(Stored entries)

◆ ◆ ◆ ◆ ◆ ◆ ◆

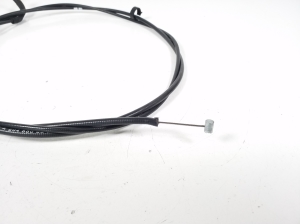  Hood opening cable 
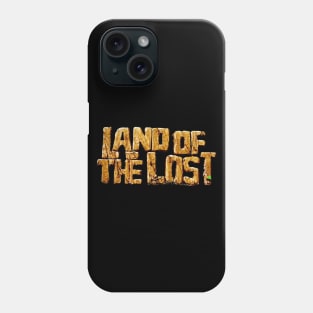 Land of the Lost Classic 70’s Phone Case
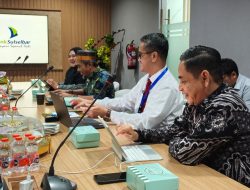 Perkuat Pembiayaan Pembangunan, BPKAD Sulbar Jajaki Skema Pinjaman Daerah Bersama Bank Sulselbar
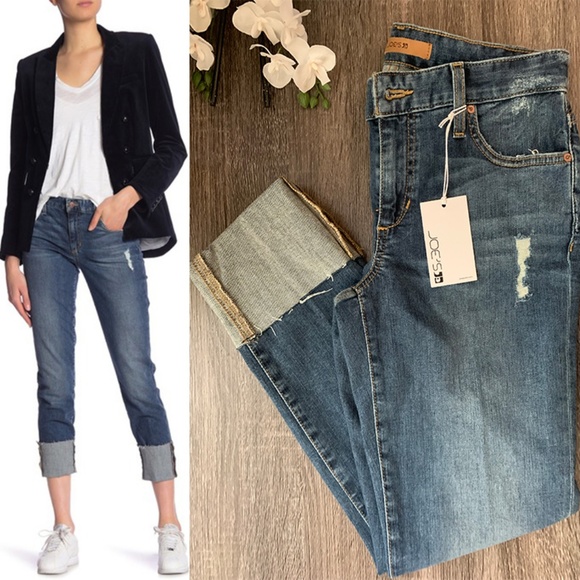 Joe's Jeans Denim - JOE'S JEANS | Crop | NWT | Size 24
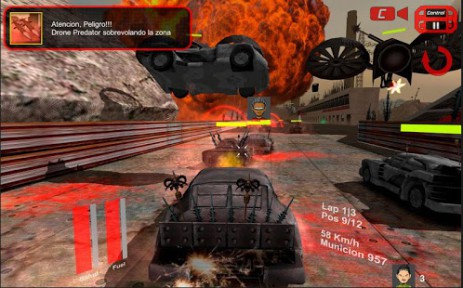 Final Race Free | Android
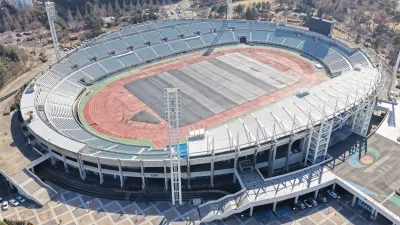 Athletics Stadium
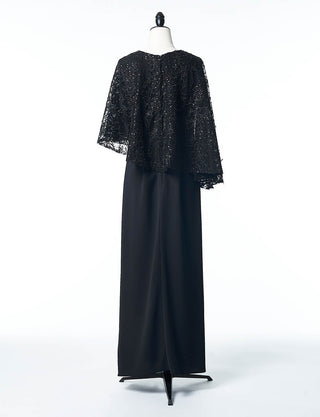 TWEED DONNA・MD0502-BK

◆ ◆ ◆ ◆ ◆ ◆ ◆

A word-for-word copy of the lines from the one with "Perkuat Pembiayaan Pembangunan, BPKAD" through the last line of the data above is required, with both end lines included and no pictures.

 Perkuat Pembiayaan Pembangunan, BPKAD Sulbar Jajaki Skema Pinjaman Daerah Bersama Bank Sulselbar
 Joe's Jeans Denim - JOE'S JEANS | Crop | NWT | Size 24
 Final Race Free | Android
 Athletics Stadium
 TWEED DONNA・MD0502-BK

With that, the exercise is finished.